Other options he’s hearing about: putting elderly parents in the laneway house or putting the elderly parents’ caregiver in the laneway house.

Whichever the option, it turns out that seniors and those about to become seniors are definitely interested in having an extra small house on their properties.

“That group is three-quarters of our business now,” said Fry.

He’s also finding that those who work with seniors say this could be an important part of the solution to the coming eldercare/nursing-home crunch.

“The boomers are about 20 years away from that. And I know our health-care system isn’t anywhere near prepared,” said Melinda Shulz.

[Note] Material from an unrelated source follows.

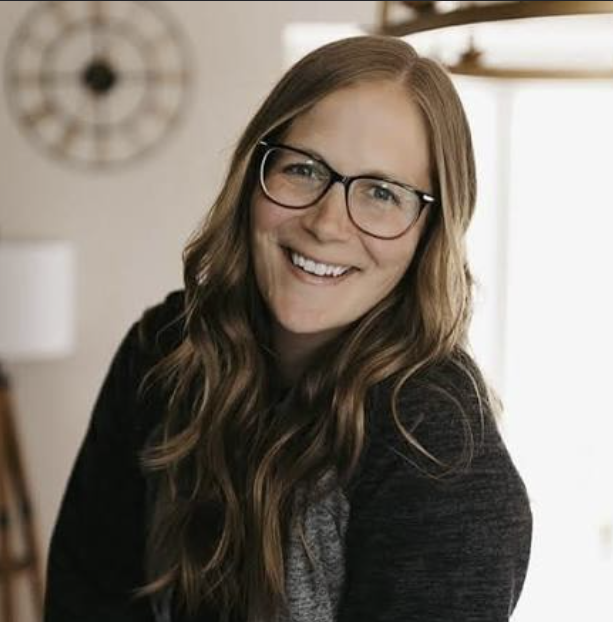 A smiling woman with long, wavy brown hair and glasses, sitting indoors near a window.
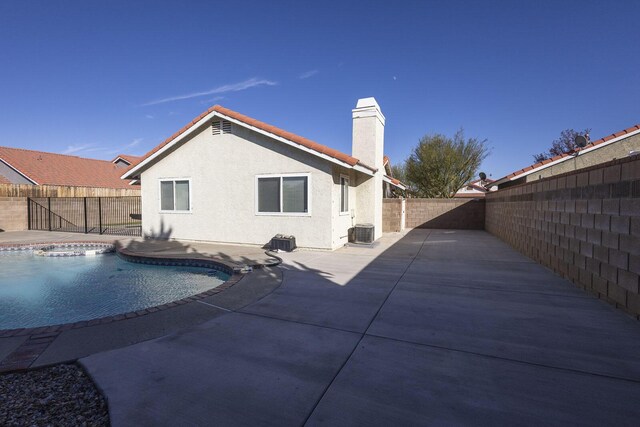 rear view of house with a chimney, central AC, a fenced backyard, a patio, and stucco siding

Schulz does marketing and community outreach for Retirement Concepts, one of the city’s seniors-home operators. So she knows how the market is going and how much room there is: nowhere near enough.

Besides just the space squeeze, Schulz said laneway houses help provide something that most seniors say they really want, which is the chance to stay in their neighbourhoods.

“That’s a big thing with a lot of them. And I really like the idea [of laneway houses] for seniors because there are lots of ways they can be adapted. We need more options.”

Another fan of laneway houses as a solution for the older generation is architect Brian Palmquist, who has been promoting the idea not only at EcoDensity forums and hearings, but for the last 20 years.

He said he got a noticeably positive response when he promoted the idea at the first EcoDensity forum.

“We have a preconception of older people as being staid and NIMBY. But most of the people who came to my presentation said, ‘What a great idea.’ “

Palmquist was involved in the debate over “monster” houses 20 years ago, when speculative builders were erecting houses that didn’t just use the maximum floor space allowable for their lots but also came with large garages attached. One of the measures the city took at that point to reduce the intrusiveness was insist that garages had to be separate buildings on the lane, away from the house.

Palmquist noticed at the time that helpful amendment set the stage for laneway housing, although the city wasn’t anywhere near ready at that point to accept it.

Now, Vancouverites do appear ready and none more so than Palmquist. He has a mother-in-law who now lives independently in Kerrisdale but may some day want or need something else. He also has two teenagers.

“One way or another, we have lots of potential for additional tenants,” he said.

Palmquist said the city could create 8,000 housing units just through laneway housing, all of it more affordable than anything else now being built.

So far, laneway housing has proven to be one of the most popular ideas of the sometimes controversial EcoDensity initiative. The city’s water and sewer systems have plenty of capacity to handle the extra units, especially since it appears many laneway houses might go into areas that have lost population in the past 30 years.

But they won’t be appearing immediately. Even after the EcoDensity charter is approved in June, city planners will then start consulting on the rules for laneway houses. Issues include whether the allowed size and height should be greater than current garages, whether parking should be required and if they can be strata-titled or will remain as rental units on standard city lots.